→ **WHAT THE EXERCISE ASKS**
The pictures get dropped, while every remaining part of the listing is copied exactly.

→ **RAW DATA**
------------------------------------------------
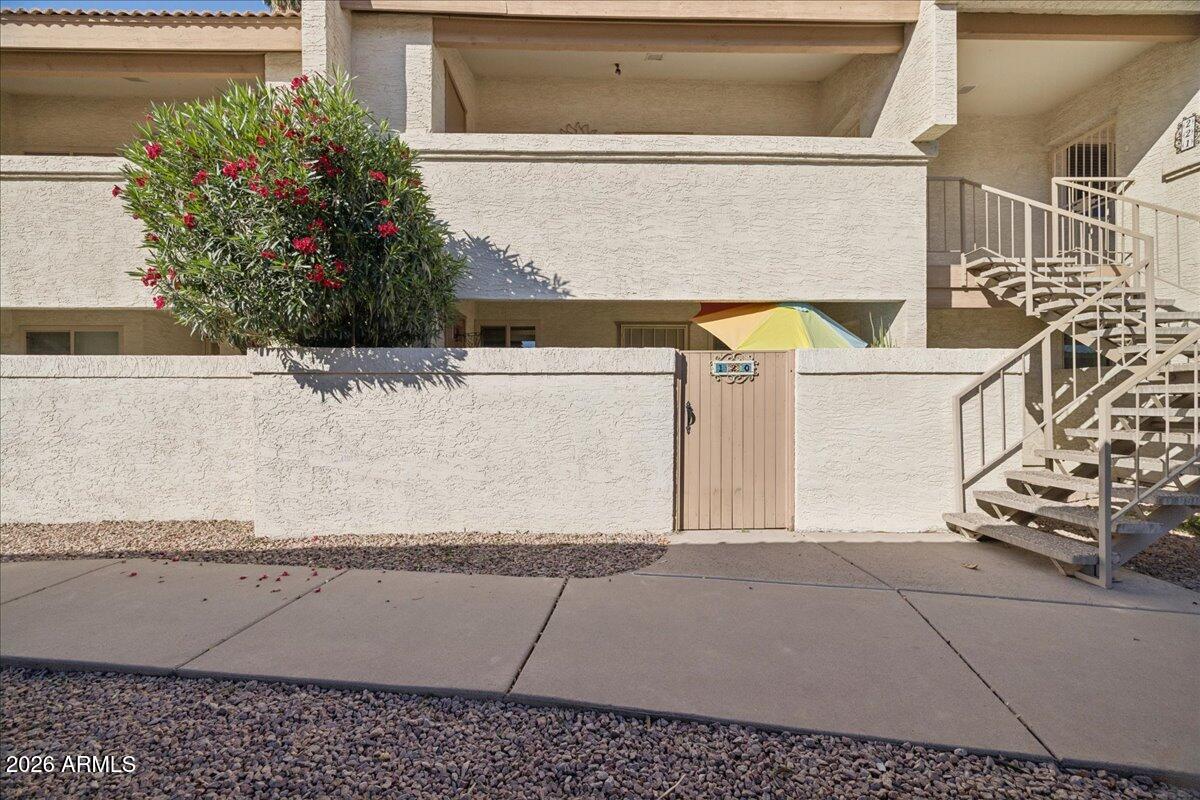 4150 East Cactus Road, Unit 120 Phoenix, AZ 85032 - Photo 5 of 42 05-Ground Floor - Unit 120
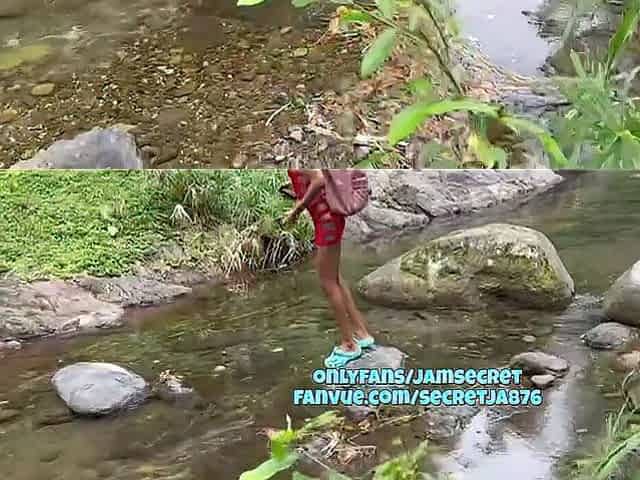 JAMAICAN OUTDOOR ANAL-ACT OF LOVE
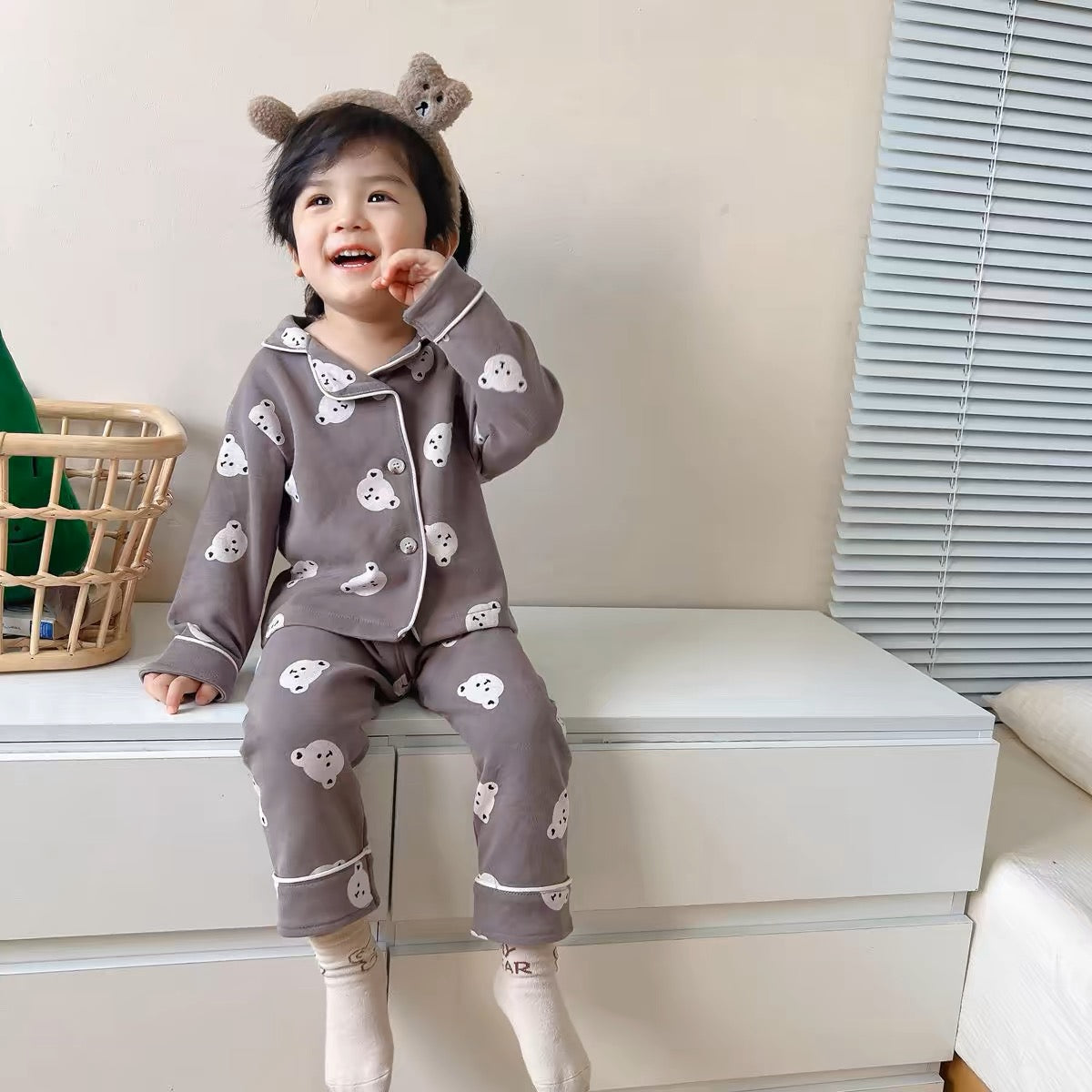 High Quality Cotton Pajama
------------------------------------------------
→ **SOLUTION TO THIS EXERCISE**
 4150 East Cactus Road, Unit 120 Phoenix, AZ 85032 - Photo 5 of 42 05-Ground Floor - Unit 120
 JAMAICAN OUTDOOR ANAL-ACT OF LOVE
 High Quality Cotton Pajama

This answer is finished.